Knock it off.
When I was little, where I grew up, I used to hear people talk about getting "jewed down" all the time. Or, as a source of pride, they would announce that had really "jewed" somebody else down. Because in my Southern Baptist universe I didn't know any Jewish people, or even really what "jew" was, it never occurred to me that the phrase "jewed down" might have negative connotations. We don't know what we don't know.
And so, I grew up saying that phrase too.
It wasn't until a very wise Jewish friend of mine kindly pointed out why it was a hurtful phrase that I stopped saying it.

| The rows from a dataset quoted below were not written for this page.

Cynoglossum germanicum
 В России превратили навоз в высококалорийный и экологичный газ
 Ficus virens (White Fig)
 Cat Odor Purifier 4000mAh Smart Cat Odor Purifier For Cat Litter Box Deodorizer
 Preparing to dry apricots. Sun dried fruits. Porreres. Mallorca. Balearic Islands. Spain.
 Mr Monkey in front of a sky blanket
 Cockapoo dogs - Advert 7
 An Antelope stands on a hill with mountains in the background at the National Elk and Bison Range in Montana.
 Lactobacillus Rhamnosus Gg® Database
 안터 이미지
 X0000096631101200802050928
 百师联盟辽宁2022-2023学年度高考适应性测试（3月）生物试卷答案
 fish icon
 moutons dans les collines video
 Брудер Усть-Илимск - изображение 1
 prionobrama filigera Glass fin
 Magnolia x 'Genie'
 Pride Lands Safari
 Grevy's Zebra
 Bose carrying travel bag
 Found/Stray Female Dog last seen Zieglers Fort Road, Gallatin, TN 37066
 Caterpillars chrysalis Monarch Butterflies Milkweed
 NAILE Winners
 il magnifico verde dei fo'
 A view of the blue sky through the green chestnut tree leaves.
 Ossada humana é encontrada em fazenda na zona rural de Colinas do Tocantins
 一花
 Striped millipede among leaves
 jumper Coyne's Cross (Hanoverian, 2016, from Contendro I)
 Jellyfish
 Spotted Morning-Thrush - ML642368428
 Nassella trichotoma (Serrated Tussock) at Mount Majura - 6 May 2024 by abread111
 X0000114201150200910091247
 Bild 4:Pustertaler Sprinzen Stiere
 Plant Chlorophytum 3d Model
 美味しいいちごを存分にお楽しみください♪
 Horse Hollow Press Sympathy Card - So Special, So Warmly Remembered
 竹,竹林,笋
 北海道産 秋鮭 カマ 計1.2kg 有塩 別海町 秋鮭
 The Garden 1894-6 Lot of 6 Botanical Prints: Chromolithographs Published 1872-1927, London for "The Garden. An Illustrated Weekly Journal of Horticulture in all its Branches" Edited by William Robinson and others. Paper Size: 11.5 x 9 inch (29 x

Long after I should have known, long after I should have stopped.
And so, while some rant and rave about the ridiculousness of political correctness, I do have to hope we can err on the part of curiously cautious. Not the kind of curiosity that puts people and groups on a stage of "otherness" so we can watch, or the kind of cautious that keeps us from talking for fear of offending, but the kind of curious caution that keeps us open to understanding the ramifications of our language and helps us actively desire to find out what impact our words have.
And so, today, when my friend Scott Horton sent me the link to this video, I realized the importance of the approach my wonderful Jewish friend was kind enough to take with me. He sought to educate me, not blame me. My role, in turn, was not to defend myself or belittle his perspective but to listen, to hear him, to acknowledge that even though that wasn't my intent, it was my impact.
The phrase that actress Wanda Sykes is teaching us about in this video is one that is widely used by teenager and young people, though not exclusively by them. If you have someone in your home or office who has been using this phrase, please sit with them and watch this and talk about it, not to blame them but to educate them.
When teenager Lawrence King was murdered last February 12th by his classmate for being gay, Ellen DeGeneres talked about this kind of language. Together we can raise a generation of adults who are more conscious, more open, more free to explore difference than we are. That exploration and casualness about difference cannot, however, come at the expense of our GLBTQ friends and family, or any group.
We don't know what we don't know. We can't see what we can't see. Our frame of reference determines what we see. Mine is different from yours. To see more, we have to ask others. Blind spots when you are driving are dangerous. If you turn your head to eliminate one, you create another. Best to have someone else in the car to help you–so seek people out who can help you navigate. Stay open to the experience of learning what you don't know you don't know, from others.
Stop yourself from saying, "I didn't mean anything by it," or "That's ridiculous, they're overreacting or they're too sensitive."